As you would expect we support any move that switches the focus of providing services away from the activity that takes place to the achievements that result. Effectiveness will always be more important than how busy you look. Having said that we are always concerned when the most important outcomes lose sight of the people using services.

In the realms of outcome measurement there two types of outcome that need to be separated out.

Put simply, they are individual outcomes and system outcomes. Individual outcomes focus on the change that has happened to the person, as a result of accessing a service (or hopefully, integrated group of services). System outcomes focus on the impact of the wider system, as a result of the service being operational.

In designing services sometimes it is easy to forget who the service is designed to benefit. That can be a particular problem when system outcomes dominate. It’s not surprising to see system outcomes become the driving force behind assessing whether or not a service is effective. In the age of the business case the cost savings, in other parts of the system, make the most compelling case for diverting scarce resources. Changes in patterns of use of other services, interpreted as a consequence of a service existing, are easy to measure.

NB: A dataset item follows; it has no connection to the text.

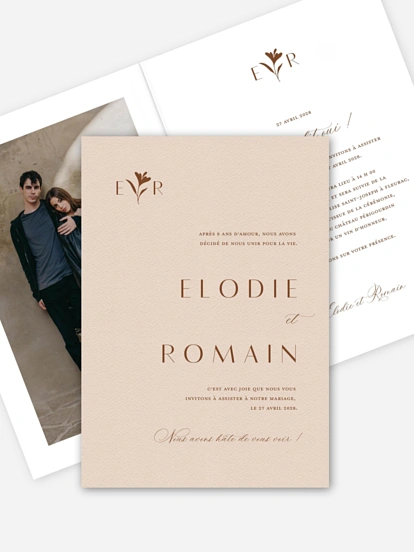 Faire-part de mariage Élégant Monogramme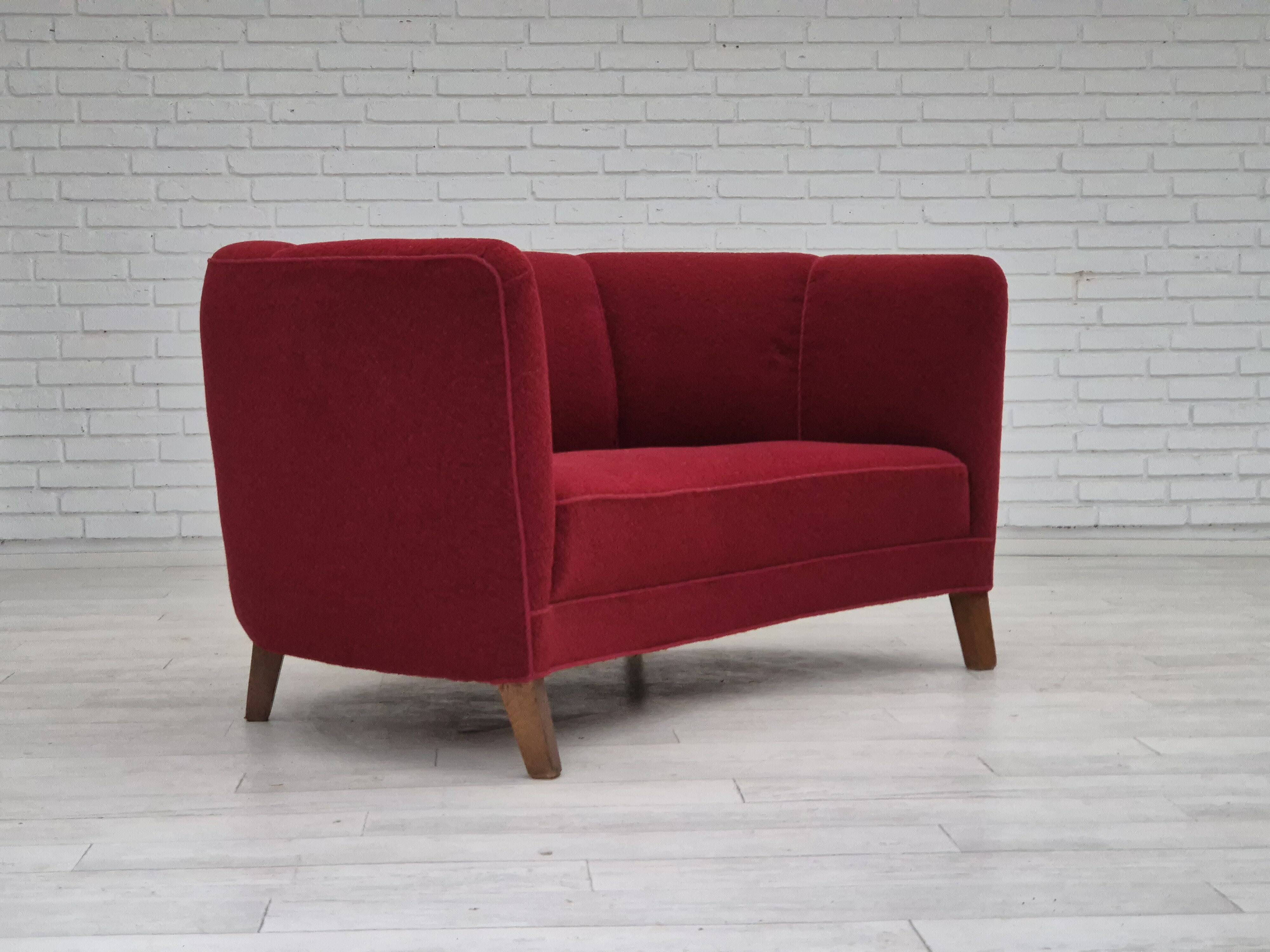 1960s, Danish 2-seater curved sofa, original red furniture fabric.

There are numerous examples of system outcomes that have become regularly embedded in contracts and service level agreements but for purposes of illustration I will stick to two of the most topical; reduced A&E attendance and reduced GP appointments. These are all too common outcomes in contracts that often have a tenuous impact on them.

It’s understandable that both have become priorities; these are both significant costs to the system and reductions will free resources to, hopefully, meet need elsewhere. Unfortunately both assume that in addition to helping the system, they also help the individual.

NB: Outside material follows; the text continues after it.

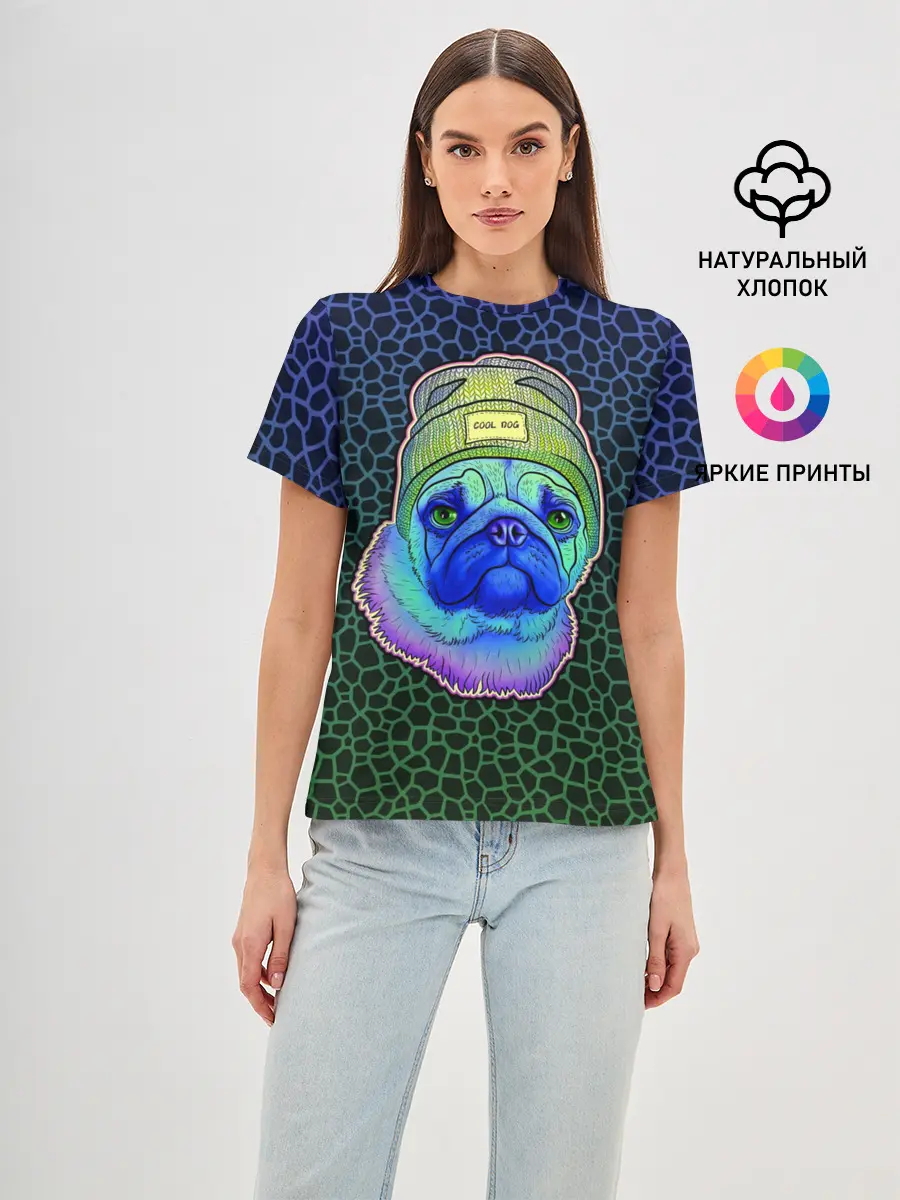 Женская базовая футболка / Мопс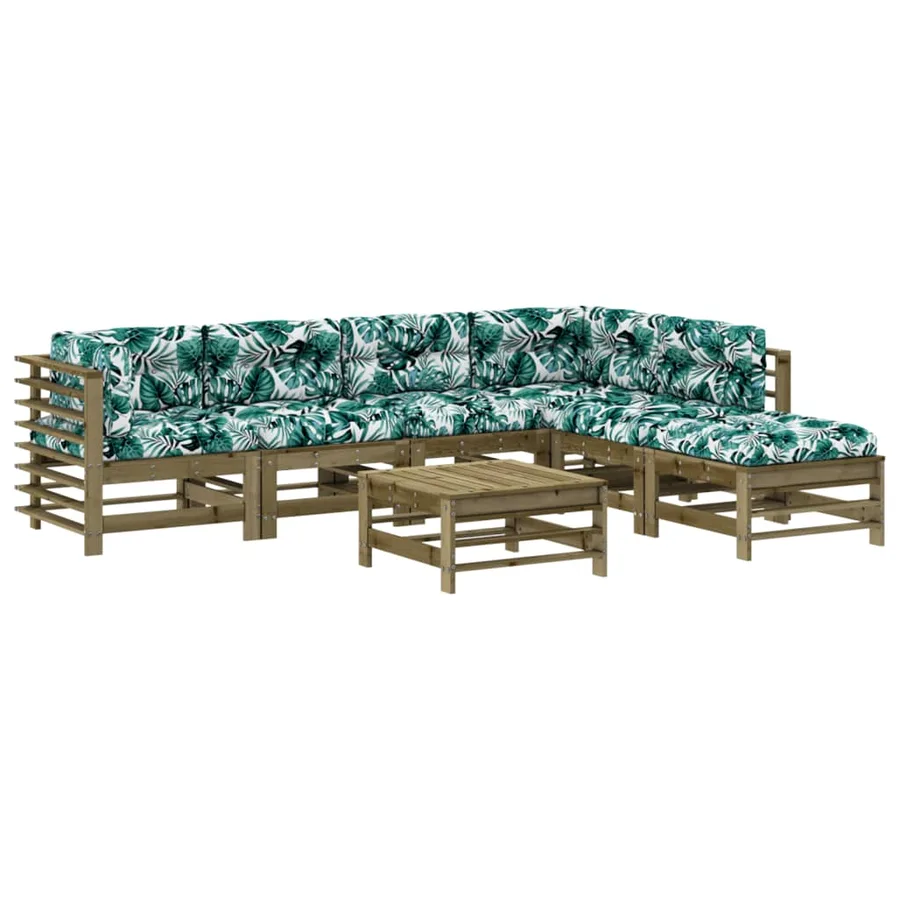 Salon de jardin 7 pcs avec coussins bois de pin imprégné - 2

System outcomes present three major challenges that are often overlooked in service design.

Causality 
There is often no provable link between a service being provided and system outcomes. In the two examples I’ve provided what you are actually measuring is not outcome but activity. In a system where there is an almost limitless amount of need, people will flow through it like water. Much like water, people will try and find the point of least resistance to find the help and support they need.

How people use the system is more indicative of the structure of the system than the changing need. For example both the example system outcomes have a strong relationship with the perception of how accessible A&E and GP appointments are. A perception that GP appointments are hard to get drives traffic to A&E. The perception that there are long waits in A&E drive people away.

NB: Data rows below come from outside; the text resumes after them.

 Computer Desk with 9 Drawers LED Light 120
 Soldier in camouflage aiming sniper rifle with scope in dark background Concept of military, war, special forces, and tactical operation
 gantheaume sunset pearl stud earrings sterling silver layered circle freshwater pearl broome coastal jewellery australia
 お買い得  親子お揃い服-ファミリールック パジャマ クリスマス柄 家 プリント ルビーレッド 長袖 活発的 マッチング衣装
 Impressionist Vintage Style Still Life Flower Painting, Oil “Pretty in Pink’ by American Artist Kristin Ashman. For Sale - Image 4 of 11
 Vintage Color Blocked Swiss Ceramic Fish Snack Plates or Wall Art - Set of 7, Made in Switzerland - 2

This is further confused when system outcomes are as interlinked as my two examples. Ostensibly, people with long term conditions being managed regularly by a GP could prevent A&E attendances.

It is more productive to judge commissioned services on outcomes that demonstrate a line of causality between their actions and health and wellbeing improvement than patterns of service use.

Shift of Emphasis
As the emphasis of contracts shifts towards the metrics of how the system functions then the way that services are delivered also shift to achieve those aims. For example we begin to provide convoluted services that divert people from A&E at the door rather than focussing on those preventative services that can help manage future demand. We focus on measuring the somewhat nebulous concept of whether someone has attended A&E in the last six months, ignoring that the measurement tells us nothing on an individual basis and only hypothesises benefit.

We develop an ever more complicated patchwork of services ignoring that it is that complexity that is driving people to use services “inappropriately” rather than changing the underlying need.

Benefit
Why do we design services? We hope that the main driver is to improve the health and wellbeing of the people that use them. Once we reach the point that the efficiency of the system itself becomes the focus then potential for benefit has been lost.

With my example system outcomes, both are fairly easy to achieve. Aggressive triage of GP appointments and providing inconvenient time windows for making appointments by phone reduce appointments. Stigmatising people who use A&E, as being a burden, reduce attendances. These can be cost saving measures, in the short term, but they can also deter people from seeking timely help and create greater future cost when need becomes critical.

These are extreme illustrations of how activity that isn’t beneficial to the individual can be seen as successful outcomes elsewhere in the system.

It is important for parts of the system to be aware of their own activity in order to manage their own resources. It’s not helpful for that activity to be the driver for other parts of the system that have little influence over them.

Maintaining a focus on the outcomes for individuals means you concentrate on those things that there is evidence for health and wellbeing improvement. In many cases you can use these as proxies for how they might impact the wider system.

For example we know that a reduction in social isolation will decrease the level of contact individuals have with public services. We know this because it is evidence based; reducing the impact on wider services does not need to the main driver behind a contract so reduce social isolation.

The system exists to benefit the individual, not to feed itself.